***** Input material

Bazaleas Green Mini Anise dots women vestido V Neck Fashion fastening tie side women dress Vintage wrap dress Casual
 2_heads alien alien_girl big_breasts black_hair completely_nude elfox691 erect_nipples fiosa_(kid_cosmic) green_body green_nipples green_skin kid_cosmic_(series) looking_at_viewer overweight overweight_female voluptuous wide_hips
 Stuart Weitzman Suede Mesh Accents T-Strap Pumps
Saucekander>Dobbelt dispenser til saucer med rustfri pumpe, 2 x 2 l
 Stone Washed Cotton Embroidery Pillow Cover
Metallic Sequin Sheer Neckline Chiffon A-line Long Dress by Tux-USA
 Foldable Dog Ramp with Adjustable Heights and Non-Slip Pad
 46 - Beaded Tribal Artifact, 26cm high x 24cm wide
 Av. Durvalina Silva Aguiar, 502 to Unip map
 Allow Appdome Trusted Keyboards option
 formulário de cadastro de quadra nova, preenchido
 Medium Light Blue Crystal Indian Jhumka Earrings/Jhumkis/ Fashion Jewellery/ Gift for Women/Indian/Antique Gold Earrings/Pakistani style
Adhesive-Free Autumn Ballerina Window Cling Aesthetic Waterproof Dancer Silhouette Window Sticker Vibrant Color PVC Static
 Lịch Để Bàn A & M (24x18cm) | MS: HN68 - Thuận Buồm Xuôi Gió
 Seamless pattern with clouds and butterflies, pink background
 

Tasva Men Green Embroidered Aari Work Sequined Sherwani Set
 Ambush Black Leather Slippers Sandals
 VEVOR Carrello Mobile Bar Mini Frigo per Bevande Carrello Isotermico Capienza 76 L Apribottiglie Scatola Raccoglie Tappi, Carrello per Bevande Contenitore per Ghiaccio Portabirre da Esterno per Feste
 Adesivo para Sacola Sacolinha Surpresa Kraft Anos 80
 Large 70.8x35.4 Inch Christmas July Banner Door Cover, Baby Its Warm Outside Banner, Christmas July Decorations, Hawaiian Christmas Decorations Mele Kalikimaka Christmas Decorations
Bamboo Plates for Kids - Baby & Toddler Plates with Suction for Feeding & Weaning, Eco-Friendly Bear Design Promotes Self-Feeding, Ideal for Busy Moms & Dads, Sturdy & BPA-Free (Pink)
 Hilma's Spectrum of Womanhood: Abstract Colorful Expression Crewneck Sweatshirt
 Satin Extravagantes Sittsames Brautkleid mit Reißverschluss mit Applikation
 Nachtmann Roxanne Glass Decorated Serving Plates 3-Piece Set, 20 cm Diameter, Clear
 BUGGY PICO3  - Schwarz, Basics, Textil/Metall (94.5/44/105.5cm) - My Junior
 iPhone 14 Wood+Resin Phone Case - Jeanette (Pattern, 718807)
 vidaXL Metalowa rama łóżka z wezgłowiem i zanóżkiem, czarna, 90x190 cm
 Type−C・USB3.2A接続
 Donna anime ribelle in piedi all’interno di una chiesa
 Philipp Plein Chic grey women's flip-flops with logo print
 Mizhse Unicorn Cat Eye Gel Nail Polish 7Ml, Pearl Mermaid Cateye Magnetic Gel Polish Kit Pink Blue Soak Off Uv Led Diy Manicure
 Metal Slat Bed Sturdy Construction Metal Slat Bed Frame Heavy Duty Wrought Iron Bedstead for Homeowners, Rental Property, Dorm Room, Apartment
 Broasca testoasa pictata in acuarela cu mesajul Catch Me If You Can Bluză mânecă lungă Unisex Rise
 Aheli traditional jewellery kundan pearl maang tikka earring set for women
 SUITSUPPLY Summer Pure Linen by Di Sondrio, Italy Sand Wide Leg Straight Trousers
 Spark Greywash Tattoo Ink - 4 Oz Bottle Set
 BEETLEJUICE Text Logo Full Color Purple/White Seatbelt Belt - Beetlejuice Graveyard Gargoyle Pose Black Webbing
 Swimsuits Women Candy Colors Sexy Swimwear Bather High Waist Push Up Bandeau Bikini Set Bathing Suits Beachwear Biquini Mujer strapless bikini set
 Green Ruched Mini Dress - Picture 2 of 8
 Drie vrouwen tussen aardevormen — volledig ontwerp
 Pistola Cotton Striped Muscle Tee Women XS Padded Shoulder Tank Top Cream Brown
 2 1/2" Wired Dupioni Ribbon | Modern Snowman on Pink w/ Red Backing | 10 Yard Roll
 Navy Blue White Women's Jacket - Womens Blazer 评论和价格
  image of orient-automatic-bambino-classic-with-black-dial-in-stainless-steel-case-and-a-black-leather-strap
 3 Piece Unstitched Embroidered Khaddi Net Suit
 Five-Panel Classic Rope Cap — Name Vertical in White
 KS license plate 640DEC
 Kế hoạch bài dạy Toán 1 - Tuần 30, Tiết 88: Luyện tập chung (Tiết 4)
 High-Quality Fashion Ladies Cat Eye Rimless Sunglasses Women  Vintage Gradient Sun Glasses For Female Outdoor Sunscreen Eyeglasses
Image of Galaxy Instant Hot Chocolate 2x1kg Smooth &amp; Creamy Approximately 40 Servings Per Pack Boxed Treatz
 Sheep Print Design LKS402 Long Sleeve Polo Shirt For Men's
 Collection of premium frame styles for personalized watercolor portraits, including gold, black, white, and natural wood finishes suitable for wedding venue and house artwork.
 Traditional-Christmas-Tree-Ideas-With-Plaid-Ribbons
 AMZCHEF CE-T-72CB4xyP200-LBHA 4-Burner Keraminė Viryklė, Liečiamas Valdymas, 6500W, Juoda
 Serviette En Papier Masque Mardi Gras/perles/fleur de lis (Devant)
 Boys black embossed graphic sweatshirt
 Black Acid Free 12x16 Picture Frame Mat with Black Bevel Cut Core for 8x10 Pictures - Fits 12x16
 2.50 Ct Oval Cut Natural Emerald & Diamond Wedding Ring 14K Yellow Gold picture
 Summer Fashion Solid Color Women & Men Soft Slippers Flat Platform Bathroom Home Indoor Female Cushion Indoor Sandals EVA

**********

* [Brief]:
Find all lines in the records that hold the word "Christmas". Copy them.

* [Response box]:
 Large 70.8x35.4 Inch Christmas July Banner Door Cover, Baby Its Warm Outside Banner, Christmas July Decorations, Hawaiian Christmas Decorations Mele Kalikimaka Christmas Decorations
 Traditional-Christmas-Tree-Ideas-With-Plaid-Ribbons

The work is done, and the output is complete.